The SABC's Auckland Park headquarters. Picture: FINANCIAL MAIL
The SABC's Auckland Park headquarters. Picture: FINANCIAL MAIL

President Cyril Ramaphosa has formally appointed eight non-executive directors to fill vacancies on the board of the SABC with immediate effect.

The new board members include erstwhile national consumer commissioner Mamodupi Mohlala-Mulaudzi, who will serve as deputy chair of the board; SA National Editors’ Forum founder member Mary Papayya; and controversial academic and psychologist Sathasivan Cooper.

The other new board members are: Jasmina Patel, Marcia Socikwa, Bernedette Muthien, David Maimela, and advocate Motshedi Benjamin Lekalakala.

Bongumusa Makhathini will continue serving as chair of the board.

“Viewed collectively, the board of the SABC is composed of people who possess qualifications, skills, experience, and expertise across a broad spectrum of relevant fields including, but not limited to, governance and business practice, law, broadcasting policy and regulation, journalism and communications, among others,” the presidency said in a statement issued on Friday.

DA MP and communications spokesperson Phumzile van Damme MP had previously raised concern about the inclusion of Cooper.

“The DA will be writing to President Cyril Ramaphosa to raise a serious objection to the inclusion of Prof Sathasivan Cooper on the list,” Van Damme said in March, after parliament finalised the shortlist of candidates.

“Cooper has no broadcasting experience and during his tenure as vice-chancellor of the [then] University of Durban-Westville, he was investigated for 11 governance issues. The investigator’s report to the education minister portrayed Cooper as ‘manipulative’ and prone to ‘surrounding himself with acolytes’.”

Van Damme said the DA believes Cooper will “destroy” the SABC board.

“During the interview process he came across as extremely arrogant and he will not be a team player ...  Cooper displayed disdain for members of the committee which is worrisome: this is the same committee he will be reporting to as a member of the board,” she said at the time.
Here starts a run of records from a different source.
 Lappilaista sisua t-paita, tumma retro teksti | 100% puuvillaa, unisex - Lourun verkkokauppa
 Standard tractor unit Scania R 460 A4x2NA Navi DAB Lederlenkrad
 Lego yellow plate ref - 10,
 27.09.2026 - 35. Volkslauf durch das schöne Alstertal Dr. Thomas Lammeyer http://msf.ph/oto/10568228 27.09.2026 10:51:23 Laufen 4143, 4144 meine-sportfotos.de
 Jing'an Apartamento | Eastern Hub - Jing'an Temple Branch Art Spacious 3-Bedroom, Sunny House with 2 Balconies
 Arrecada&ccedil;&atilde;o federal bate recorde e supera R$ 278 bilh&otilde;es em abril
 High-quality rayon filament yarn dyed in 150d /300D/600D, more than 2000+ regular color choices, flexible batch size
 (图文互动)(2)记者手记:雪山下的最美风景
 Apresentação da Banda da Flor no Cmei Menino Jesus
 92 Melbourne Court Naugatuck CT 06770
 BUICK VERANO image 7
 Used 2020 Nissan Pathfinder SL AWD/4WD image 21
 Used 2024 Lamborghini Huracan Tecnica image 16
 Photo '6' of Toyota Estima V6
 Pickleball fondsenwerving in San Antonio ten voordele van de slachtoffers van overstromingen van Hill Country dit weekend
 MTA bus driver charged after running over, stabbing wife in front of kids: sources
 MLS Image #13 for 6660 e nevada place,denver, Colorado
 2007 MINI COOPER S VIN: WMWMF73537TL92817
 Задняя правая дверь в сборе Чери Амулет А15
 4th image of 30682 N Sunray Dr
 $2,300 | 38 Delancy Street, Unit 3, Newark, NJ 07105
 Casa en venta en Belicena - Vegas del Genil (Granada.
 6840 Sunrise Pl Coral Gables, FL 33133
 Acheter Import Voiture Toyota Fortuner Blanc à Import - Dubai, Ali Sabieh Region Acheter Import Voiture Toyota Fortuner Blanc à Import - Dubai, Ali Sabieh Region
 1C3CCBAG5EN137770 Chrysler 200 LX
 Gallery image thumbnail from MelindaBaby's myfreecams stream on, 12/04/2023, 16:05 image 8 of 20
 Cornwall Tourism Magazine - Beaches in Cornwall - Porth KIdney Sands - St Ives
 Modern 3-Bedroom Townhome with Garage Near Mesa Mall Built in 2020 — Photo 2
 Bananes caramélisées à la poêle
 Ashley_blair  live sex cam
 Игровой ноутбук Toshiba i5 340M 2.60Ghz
The public broadcaster, which is in dire financial straits, sank deeper into crisis late in 2018 when four directors resigned, leaving the board without the quorum required to make decisions. Four other directors had resigned earlier that year. It is meant to have 12 members and needs nine, including the CEO, CFO and COO, to form a quorum.

The resignation of the four directors came as the SABC was planning to retrench about 2,200 permanent and freelance staff, nearly 40% of its staff complement, in an attempt to salvage its finances.

They quit after receiving a scathing letter from communications minister Stella Ndabeni-Abrahams, in which she accused the nonexecutive directors of not acting in the best interest of the public broadcaster as they pressed on with retrenchments.

The SABC has since halted retrenchments pending a skills audit.  However, it continues to struggle to pay its creditors and warned in March that it may not be able to pay some salaries unless it secures a R6.8bn government guarantee.